15Confrontés à la montée du chômage dans les années 1980 et 1990, les pays d’Europe continentale, dont la France, ont d’abord privilégié des politiques de réduction massive de l’offre de travail, à travers notamment les préretraites ainsi que par la négociation de primes de licenciement permettant de maintenir dans l’emploi une population qualifiée, majoritairement masculine et dans la force de l’âge (25-55 ans). En France, jusqu’au début des années 1990, les préretraites sont ainsi subventionnées massivement par l’État. Un système dual d’indemnisation du chômage se met également en place, avec, d’une part, une assurance chômage – gérée depuis 1958 par l’UNEDIC, organisme paritaire où sont représentés les partenaires sociaux (syndicats et patronat) – de plus en plus restrictive et de fait réservée aux travailleurs facilement ré-employables ; d’autre part, un système d’aide sociale qui lui-même se décline en deux volets. Le premier est l’allocation spécifique de solidarité (ASS), créée en 1984 et destinée aux chômeurs de longue durée, qui ne rentre pas dans le champ de l’assurance chômage. Le second correspond aux minima sociaux, au premier rang desquels se trouve le Revenu minimum d’insertion (RMI), conçu au départ comme une mesure temporaire visant à maintenir le niveau de vie des exclus de l’assurance chômage et de l’ASS. Ces prestations sont gérées par l’État central et les collectivités locales, à charge pour les départements de mettre en place les contrats d’insertion pour les bénéficiaires du RMI. Depuis sa création en 1988, ce dernier est géré par les Caisses d’allocations familiales, lesquelles, il faut le souligner, ne sont aucunement partie prenante des politiques d’aide et de retour à l’emploi.

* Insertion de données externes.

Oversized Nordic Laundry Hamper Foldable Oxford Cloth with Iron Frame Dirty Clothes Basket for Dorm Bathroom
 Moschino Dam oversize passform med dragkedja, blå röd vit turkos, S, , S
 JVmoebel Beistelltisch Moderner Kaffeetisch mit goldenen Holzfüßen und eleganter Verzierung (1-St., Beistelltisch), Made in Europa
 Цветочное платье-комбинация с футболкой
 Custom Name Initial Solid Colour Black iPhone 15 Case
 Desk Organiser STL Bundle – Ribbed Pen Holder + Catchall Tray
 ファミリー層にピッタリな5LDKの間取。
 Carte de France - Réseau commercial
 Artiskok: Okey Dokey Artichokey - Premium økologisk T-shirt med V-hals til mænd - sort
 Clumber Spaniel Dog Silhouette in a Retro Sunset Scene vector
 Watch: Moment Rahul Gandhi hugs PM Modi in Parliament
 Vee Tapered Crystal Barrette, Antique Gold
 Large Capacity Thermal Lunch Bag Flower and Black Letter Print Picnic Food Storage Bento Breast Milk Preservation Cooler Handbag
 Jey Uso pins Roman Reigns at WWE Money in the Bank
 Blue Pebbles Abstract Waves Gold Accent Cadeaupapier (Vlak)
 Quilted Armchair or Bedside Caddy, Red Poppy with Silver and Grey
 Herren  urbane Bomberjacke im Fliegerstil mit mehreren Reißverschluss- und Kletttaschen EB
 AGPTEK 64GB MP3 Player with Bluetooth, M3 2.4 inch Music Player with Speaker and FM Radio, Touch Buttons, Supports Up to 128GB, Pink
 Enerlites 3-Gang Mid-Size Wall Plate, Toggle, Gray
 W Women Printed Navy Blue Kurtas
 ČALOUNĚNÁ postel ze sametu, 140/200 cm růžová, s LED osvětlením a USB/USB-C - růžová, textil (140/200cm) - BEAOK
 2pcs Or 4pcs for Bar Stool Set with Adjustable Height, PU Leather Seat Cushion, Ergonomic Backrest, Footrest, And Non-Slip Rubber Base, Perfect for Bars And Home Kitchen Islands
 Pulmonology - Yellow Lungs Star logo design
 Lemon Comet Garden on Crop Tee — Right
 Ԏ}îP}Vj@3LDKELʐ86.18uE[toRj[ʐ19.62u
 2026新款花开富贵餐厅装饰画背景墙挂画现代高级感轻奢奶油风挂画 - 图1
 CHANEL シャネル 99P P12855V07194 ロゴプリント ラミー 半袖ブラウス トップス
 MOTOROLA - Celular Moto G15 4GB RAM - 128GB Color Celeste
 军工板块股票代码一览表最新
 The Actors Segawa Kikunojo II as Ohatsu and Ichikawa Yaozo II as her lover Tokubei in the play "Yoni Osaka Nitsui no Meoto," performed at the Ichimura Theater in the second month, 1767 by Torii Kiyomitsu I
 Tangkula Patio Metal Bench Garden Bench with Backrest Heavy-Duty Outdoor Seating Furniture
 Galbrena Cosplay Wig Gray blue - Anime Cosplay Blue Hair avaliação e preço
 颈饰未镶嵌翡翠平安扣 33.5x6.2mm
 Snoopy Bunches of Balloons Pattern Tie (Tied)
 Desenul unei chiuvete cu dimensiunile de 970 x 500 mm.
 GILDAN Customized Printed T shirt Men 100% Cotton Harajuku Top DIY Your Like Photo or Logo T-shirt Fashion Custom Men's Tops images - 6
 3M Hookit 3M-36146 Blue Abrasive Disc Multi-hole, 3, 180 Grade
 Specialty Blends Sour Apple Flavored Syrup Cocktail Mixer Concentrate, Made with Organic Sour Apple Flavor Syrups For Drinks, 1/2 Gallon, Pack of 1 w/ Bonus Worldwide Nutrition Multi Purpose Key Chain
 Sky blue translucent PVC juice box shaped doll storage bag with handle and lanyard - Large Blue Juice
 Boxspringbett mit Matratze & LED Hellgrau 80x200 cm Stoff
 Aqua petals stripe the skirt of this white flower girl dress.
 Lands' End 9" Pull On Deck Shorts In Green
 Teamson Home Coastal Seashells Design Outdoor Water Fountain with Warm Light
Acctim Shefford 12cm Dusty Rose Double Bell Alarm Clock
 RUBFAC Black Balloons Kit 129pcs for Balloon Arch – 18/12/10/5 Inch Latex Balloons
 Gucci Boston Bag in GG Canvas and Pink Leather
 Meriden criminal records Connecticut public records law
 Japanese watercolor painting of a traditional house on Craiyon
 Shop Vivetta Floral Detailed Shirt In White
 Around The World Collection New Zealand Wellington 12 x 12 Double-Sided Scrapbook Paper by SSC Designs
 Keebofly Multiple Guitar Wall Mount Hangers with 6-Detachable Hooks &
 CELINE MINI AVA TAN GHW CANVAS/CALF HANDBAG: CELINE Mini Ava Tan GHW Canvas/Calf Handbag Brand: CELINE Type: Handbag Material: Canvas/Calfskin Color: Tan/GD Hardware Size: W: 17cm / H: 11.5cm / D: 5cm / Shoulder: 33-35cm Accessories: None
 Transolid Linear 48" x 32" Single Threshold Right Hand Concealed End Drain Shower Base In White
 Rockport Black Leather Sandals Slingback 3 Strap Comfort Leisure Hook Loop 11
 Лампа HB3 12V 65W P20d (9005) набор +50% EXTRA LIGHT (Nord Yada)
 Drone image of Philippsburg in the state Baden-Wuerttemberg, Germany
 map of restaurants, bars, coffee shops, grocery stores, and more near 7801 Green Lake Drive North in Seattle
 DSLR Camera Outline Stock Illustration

16Ce système est beaucoup moins centralisé que le système britannique dans la mesure où ce sont les partenaires sociaux qui gèrent les prestations de la Sécurité sociale. Le budget de celle-ci, théoriquement distinct du budget de l’État, fait l’objet d’un contrôle direct du gouvernement central depuis la réforme constitutionnelle de 1996, qui prévoit que ledit budget doit être voté par le Parlement dans le cadre de la loi de finances. Le système de protection sociale émane donc d’un État unitaire hybride, caractérisé par la puissance traditionnelle des partenaires sociaux. À cela s’ajoute la distinction entre les directions d’administration centrale, telles la Direction générale de l’action sociale (DGAS) et la Direction générale de la santé, composées dans leur majorité de fonctionnaires des services centraux de l’État chargés des tâches d’exécution, et les cabinets ministériels, dont les membres sont directement nommés par le pouvoir élu. Or l’administration sociale a perdu l’influence intellectuelle dont elle disposait jusqu’au début des années 1980, conséquence de la désagrégation de la communauté d’experts sociaux – où des énarques brillants tels Jean-Louis Bianco figuraient en bonne place  [14]. Elle ne conserve le plus souvent qu’un pouvoir d’obstruction, qui oblige les cabinets ministériels à la convaincre du bien-fondé des projets de réformes des politiques d’assistance sociale ou de retour à l’emploi dont ils sont en fait les véritables promoteurs.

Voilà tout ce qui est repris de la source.